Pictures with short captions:
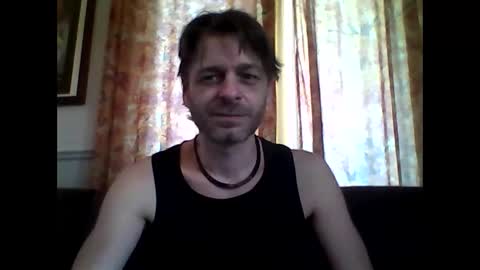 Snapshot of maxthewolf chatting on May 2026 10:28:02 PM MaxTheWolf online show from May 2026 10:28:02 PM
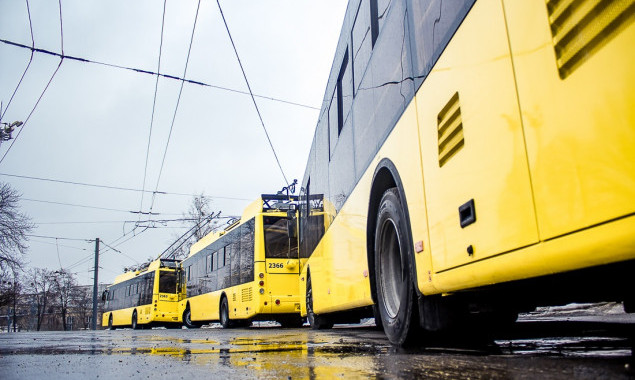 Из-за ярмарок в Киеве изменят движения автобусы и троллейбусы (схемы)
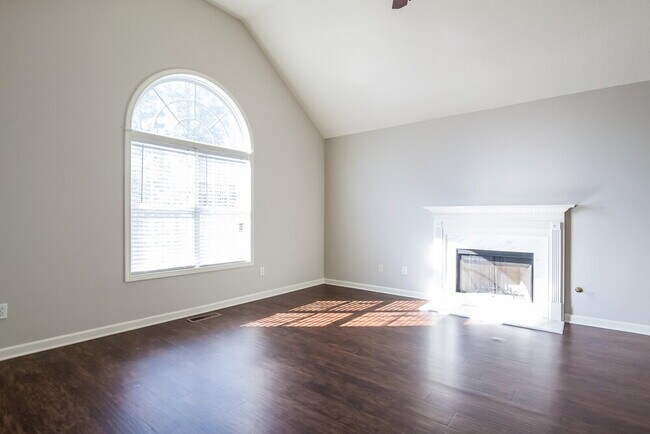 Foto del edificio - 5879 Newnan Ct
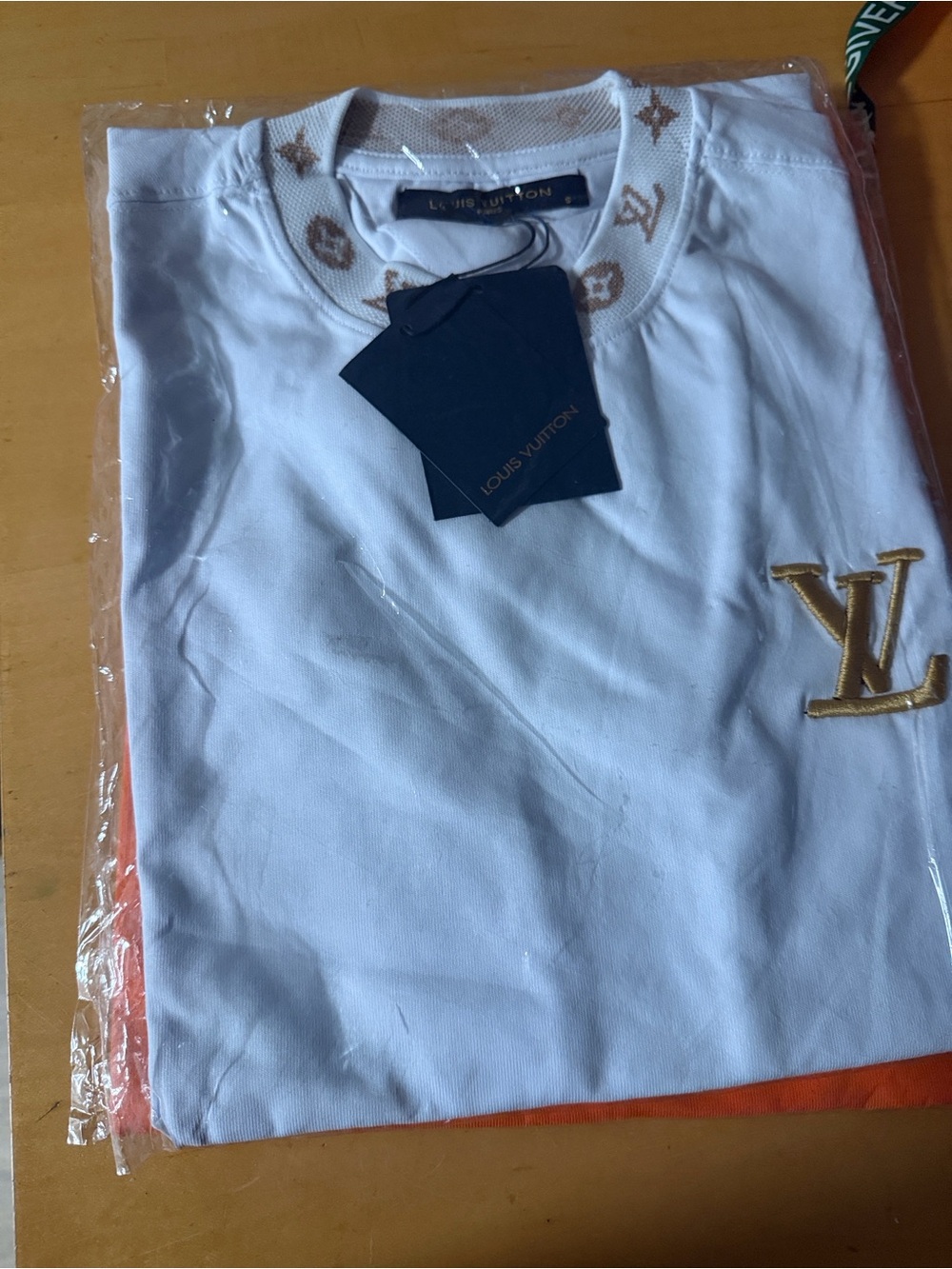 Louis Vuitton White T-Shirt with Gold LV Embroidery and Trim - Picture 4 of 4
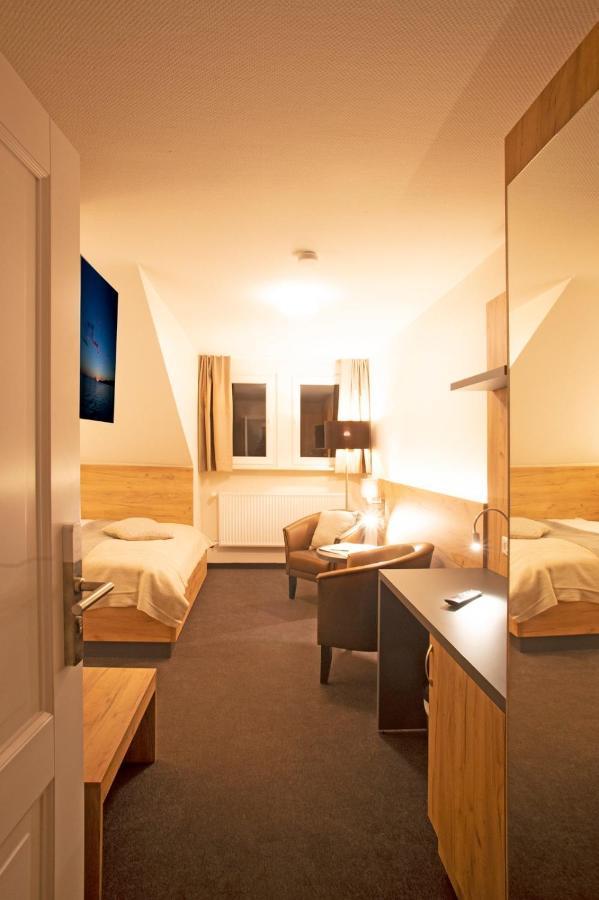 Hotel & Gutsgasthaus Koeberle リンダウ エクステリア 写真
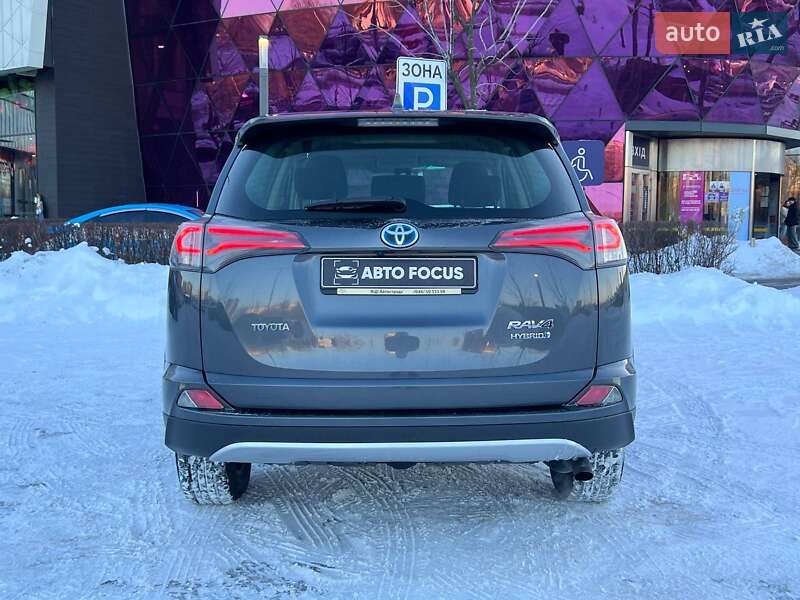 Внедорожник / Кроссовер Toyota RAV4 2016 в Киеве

Problem statement:
Your copy should consist only of the lines from the one containing "Hotel & Gutsgasthaus Koeberle リンダウ エクステリア 写真" through the last line of the entries above, reproduced exactly, without pictures.

Task answer:
 Hotel & Gutsgasthaus Koeberle リンダウ エクステリア 写真
 Внедорожник / Кроссовер Toyota RAV4 2016 в Киеве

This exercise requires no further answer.